Start with less aggressive filtering: Begin with lower percentile thresholds for the EasinessFilter

# Start with a conservative threshold
conservative_filter = EasinessFilter(
    base_url="https://api-endpoint",
    api_key="your-key",
    model="embedding-model",
    percentile=0.5,  # Filter out only the easiest 50%
    truncate="NONE",
    batch_size=1,
    text_fields=["text", "question"]
)

Evaluate filter impact: Analyze the distribution of filtered questions

# Before applying filter
before_count = len(dataset)

# After filtering
filtered_dataset = filter_step(dataset)
after_count = len(filtered_dataset)

# Rejection rate
rejection_rate = (before_count - after_count) / before_count
print(f"Rejected {rejection_rate * 100:.2f}% of questions")
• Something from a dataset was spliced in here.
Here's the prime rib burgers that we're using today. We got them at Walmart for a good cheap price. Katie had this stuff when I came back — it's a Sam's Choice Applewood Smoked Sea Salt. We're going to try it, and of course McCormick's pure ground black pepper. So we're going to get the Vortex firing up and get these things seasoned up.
Preserve diversity: Ensure your filters don’t eliminate valid question types

# Sample and manually review filtered questions
rejected = dataset.loc[~dataset.index.isin(filtered_dataset.index)]
sample = rejected.sample(min(100, len(rejected)))

# Export for manual review
sample.to_json("rejected_sample.jsonl", orient="records", lines=True)

Use Cases#

QA dataset Creation

# Pipeline for high-quality QA dataset creation
qa_pipeline = nc.Sequential([
    # First filter out questions that are too easy to retrieve
    nc.ScoreFilter(
        EasinessFilter(
            base_url="https://api-endpoint",
            api_key="your-key",
            model="embedding-model",
            percentile=0.7,
            truncate="NONE",
            batch_size=1,
            text_fields=["text", "question"]
        ),
        text_field=["text", "question"],
        score_field="easiness_score"
    ),
    
    # Then ensure remaining questions are answerable
    nc.ScoreFilter(
        AnswerabilityFilter(
            base_url="https://llm-endpoint",
            api_key="your-key",
            model="llm-model",
            answerability_system_prompt="You are a helpful assistant.",
            answerability_user_prompt_template="Context: {text}\nQuestion: {question}\nIs this answerable? (Y/N)",
            num_criteria=1,
            text_fields=["text", "question"]
        ),
        text_field=["text", "question"],
        score_field="answerability_score"
    )
])

# Apply the pipeline
high_quality_qa = qa_pipeline(dataset)

Synthetic Question Filtering

# Filter out likely synthetic questions
synthetic_filter = nc.ScoreFilter(
    EasinessFilter(
        base_url="https://api-endpoint",
        api_key="your-key",
        model="embedding-model",
        percentile=0.8,  # More aggressive filtering
        truncate="NONE",
        batch_size=1,
        text_fields=["text", "question"]
    ),
    text_field=["text", "question"],
    score_field="easiness_score"
)

# Apply to dataset
human_like_questions = synthetic_filter(dataset)

By applying these specialized synthetic text filters, you can create higher-quality datasets for question-answering systems and other applications where the quality of question-context relationships is critical.